The Labor Department’s July inflation-adjusted wage figures came out Wednesday, and for a change, the biggest new development (at least IMO!) isn’t on the month-to-month front, the year-to-year front, or even the trend-since-the-recovery-began front (though all of these numbers once again trash the idea of any major wage inflation taking hold in America).
Instead, the big news looks like the fact that, as of last month, real wages for the private sector have experienced their worst six-month stretch since the March-September, 2011 period. That was nearly four years ago!
Back then, wages after inflation for the private sector dropped by 0.58 percent cumulatively. Since this past January, they’re down by 0.47 percent on the same basis.
Moreover, manufacturing wages tell the same story. On a constant dollar basis, they’re now in their worst six-month stretch since July, 2012 through January, 2013. Back then, real manufacturing wages sank by 0.86 percent on net. Since this past January, they’re off by 0.56 percent.

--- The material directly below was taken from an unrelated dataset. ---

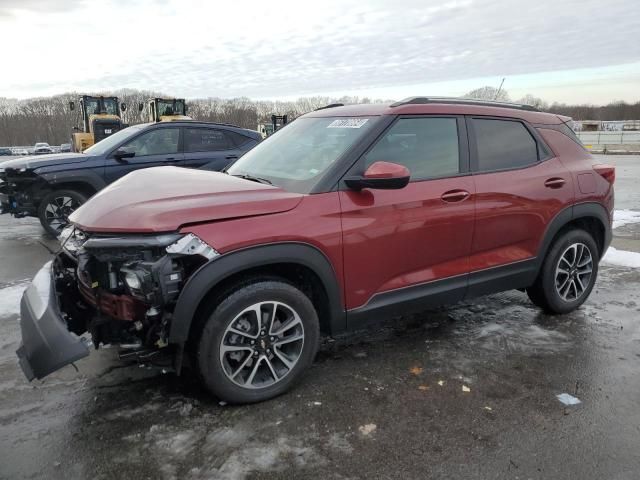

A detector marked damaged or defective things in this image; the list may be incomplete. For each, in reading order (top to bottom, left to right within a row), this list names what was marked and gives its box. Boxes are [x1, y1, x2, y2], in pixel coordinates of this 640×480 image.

Not that the bad news, as suggested above, stops there. Real private sector wages actually rose in July by 0.10 percent. That meager advance, however, was the best performance since January. The 1.94 percent year-on-year increase was better than June’s 1.75 percent. But it was the second worst since last December. It’s also true that this July’s annual real wage gains were much better than those of the last few Julys. Yet that’s only because those annual real wage increases were practically nonexistent – and from 2010 to 2011, these wages actually decreased.

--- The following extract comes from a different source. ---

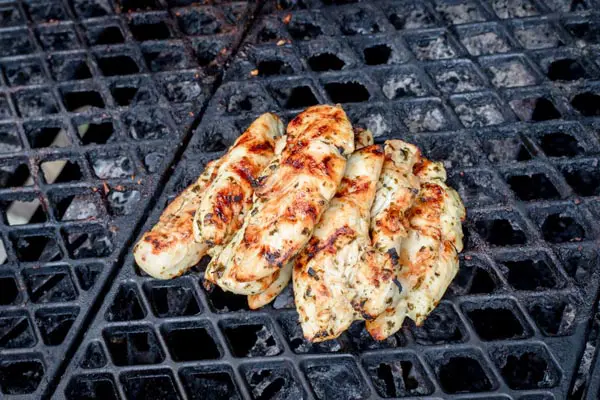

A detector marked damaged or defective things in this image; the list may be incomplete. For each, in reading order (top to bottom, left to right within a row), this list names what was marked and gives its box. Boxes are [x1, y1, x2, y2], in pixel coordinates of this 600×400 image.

rusty grate section [0, 0, 253, 396]
burnt residue on grate [0, 1, 255, 398]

And don’t think that the real wage picture brightens when you examine the trends during this economic recovery – an especially important indicator since developments during business cycles (recessions or expansions) give us the most informative data. Since the last recession officially ended – in mid-2009 – inflation-adjusted private sector wages have risen only by 1.74 percent. In other words, that’s the total extent that American workers outside government (where wages are set by politicians’ decisions) have kept ahead of living costs over the last six years.

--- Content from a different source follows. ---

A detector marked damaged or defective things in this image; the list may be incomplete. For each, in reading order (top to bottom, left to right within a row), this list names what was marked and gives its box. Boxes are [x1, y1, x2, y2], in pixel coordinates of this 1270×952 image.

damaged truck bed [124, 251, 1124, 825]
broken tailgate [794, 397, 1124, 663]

Interestingly, over the past year or so, the manufacturing real wage path has closely tracked the overall real wage path. As with private sector wages, the inflation-adjusted 0.28 percent monthly gain registered in manufacturing was the best performance since January. And as with private sector wages, manufacturing’s 1.24 percent July year-on-year improvement topped June’s 1.05 percent. As a result, that rise was also a second-worst since December.
Over the longer run, however, there’s been notable divergence between real private sector wages and real manufacturing wages. Whereas the former have risen – slowly – during the current economic recovery, the latter are down by 1.31 percent.
And so it keeps getting ever truer: You can say “wages” and “inflation” in the same affirmative sentence. But you can’t legitimately say that with a straight face.